Thankfully we had help. Our CouchSurfing host was a true cosmopolitan, a Copt and French teacher named Nagui whose name is traditionally preceded by "monsieur," even in conversation with his Arab friends. He's in the middle of this terrible picture...



...with another surfer on the left, Alejandro of Chile. Not pictured are his charismatic cats or his coterie of Frenchies, who he manages to keep around him all times of the year. Nagui was the perfect antidote to hectic Cairo--assiduously calm despite the traffic, funny and full of advice. Casey and I bantered with him on everything we could think of, and I tried in vain to revive the morsels of French I had picked up from travelers along the way.
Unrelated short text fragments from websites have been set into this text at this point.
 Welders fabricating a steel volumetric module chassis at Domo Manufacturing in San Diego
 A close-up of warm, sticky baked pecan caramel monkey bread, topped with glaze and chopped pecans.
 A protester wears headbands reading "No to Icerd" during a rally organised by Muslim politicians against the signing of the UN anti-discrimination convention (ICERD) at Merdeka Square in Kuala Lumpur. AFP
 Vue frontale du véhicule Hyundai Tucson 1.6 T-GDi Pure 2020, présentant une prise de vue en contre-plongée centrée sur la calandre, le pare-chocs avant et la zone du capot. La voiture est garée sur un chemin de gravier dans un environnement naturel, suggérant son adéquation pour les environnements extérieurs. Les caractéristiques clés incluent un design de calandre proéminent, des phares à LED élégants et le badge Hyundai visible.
Nagui's flat in Heliopolis was our staging point for two old tourist stand-bys and one new one: the Pyramids, Islamic Cairo, and Tahrir Square, respectively. Here's our report.
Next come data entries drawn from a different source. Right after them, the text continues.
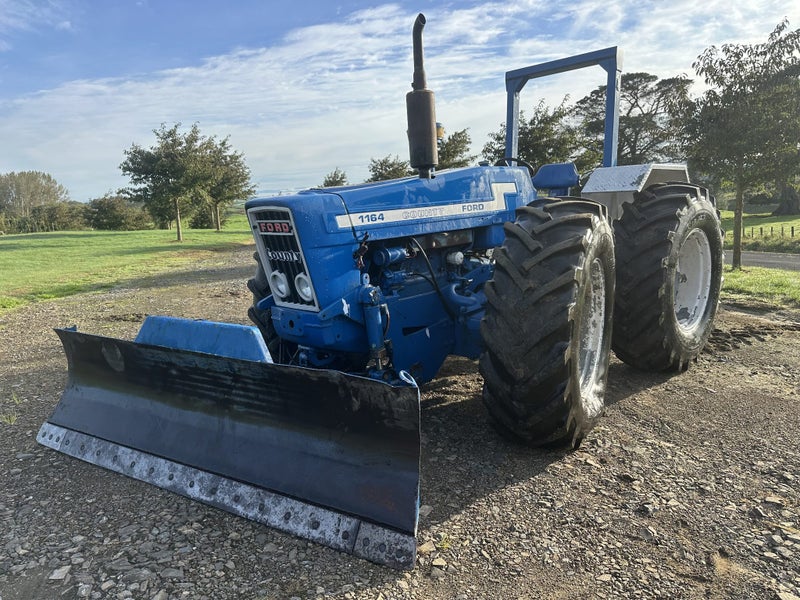 Ford County 1164 tractor with 3-axis hydraulic blade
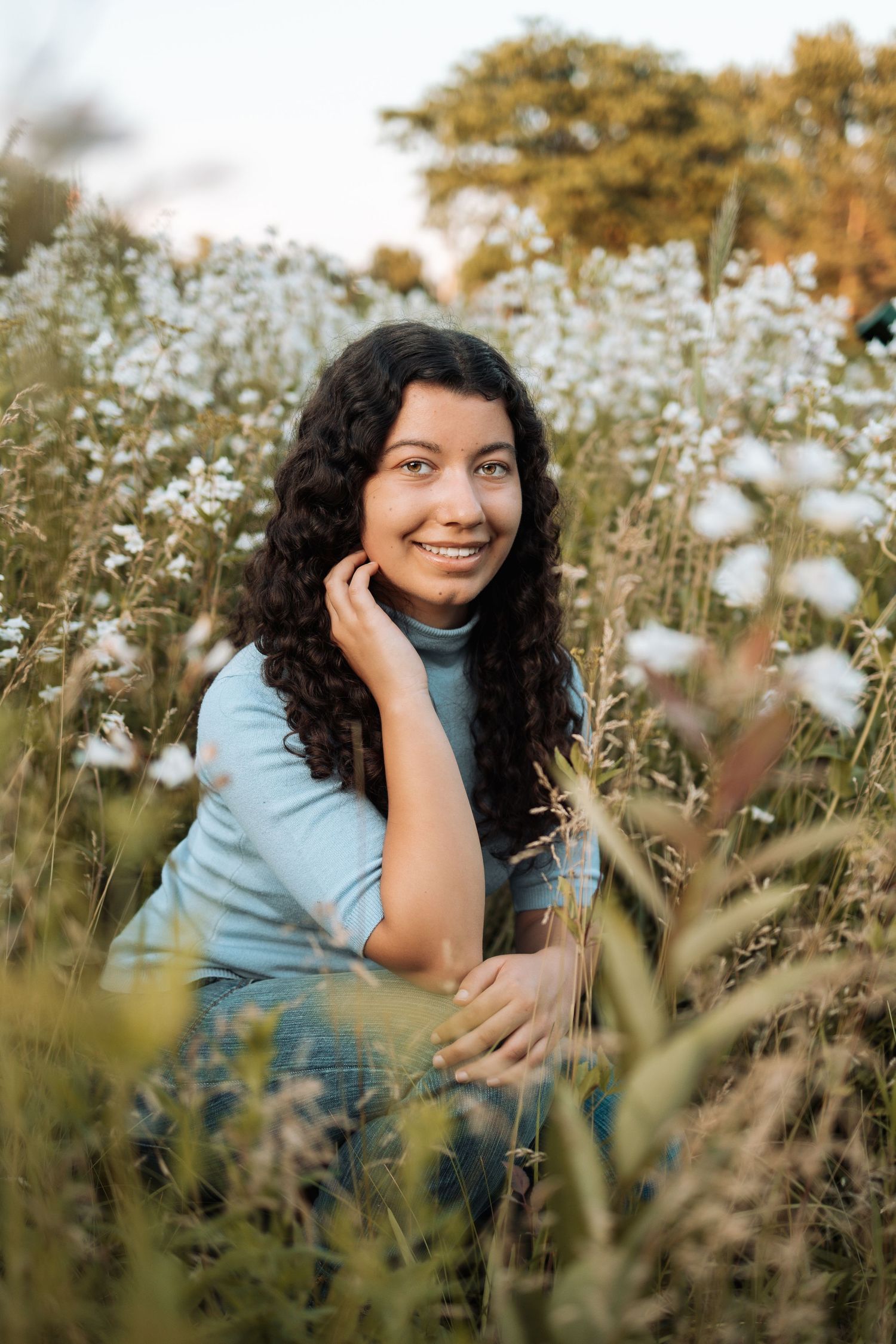 A person sits among blooming white wildflowers in a field wearing a light blue top on a sunny afternoon.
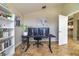 Functional office space featuring tile floors, neutral walls, and a dual-monitor desk setup at 18504 Country Crest Pl, Tampa, FL 33647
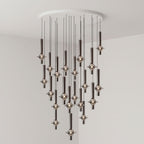 A dense cluster of black-stemmed Clérachic pendants drops from a round canopy, lit closely together in a grey corner room.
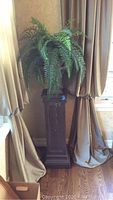 Full height side view of pedestal with urn and artificial Boston fern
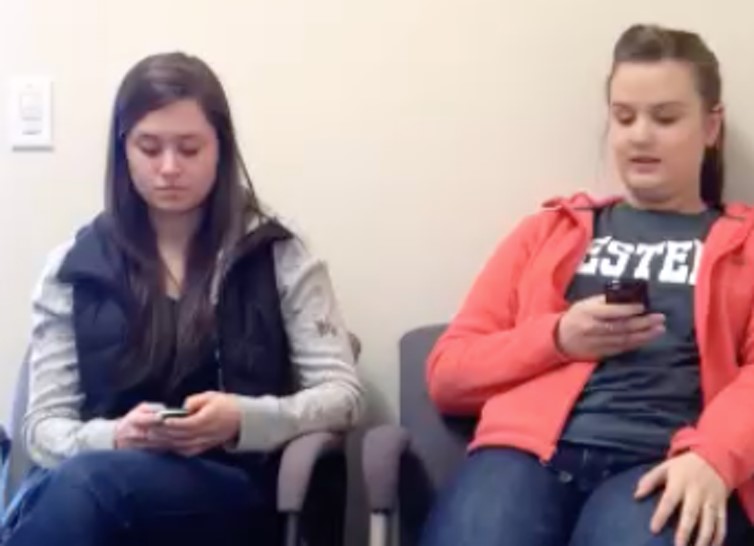 Two friends being distracted by their phones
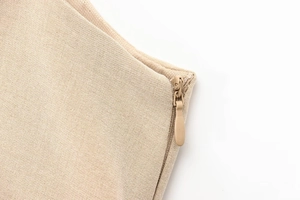 Dettaglio macro dell'abito beige a pieghe con cerniera invisibile e trama del tessuto fine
The Pyramids are just as scammy as ever, perhaps more because of the revolution's effect on Egypt's typically strong tourism sector. Casey and I avoided some (see above, the camel is named Charlie Brown) and fell for others...



...like this guy, who claimed hilariously to work for the government, usually took 200 Egyptian pounds ($35) for his services, but would be happy if we were happy. He led us around some less-touristed tombs...



...explained that he would be fired if anyone found out, and then threw himself on the ground and complained of sun sickness when he found out we wouldn't go above 80 pounds ($13), in itself a righteously good haul for his old ass. It turned out that speaking Arabic did not help us, but instead led us into a lot of "special price" situations. This kid, seen here drawing the layout of the pyramids on the ground...



...was so impressed with Arabic and my work in Palestine that he told us about a secret pyramid interior, which nobody knows about, but he would let us into for free. We obliged the dude at the entrance...



...with 10 pounds baksheesh (tip) and took a break from the baking sun inside a pyramid. There's a lot of awesome speculation that aliens built the things, but Casey and I refrained from discussing it with the stone-faced pyramid guy. He waited for us to quit muttering about how cool it was and led us out, reminding us to watch our heads over and over...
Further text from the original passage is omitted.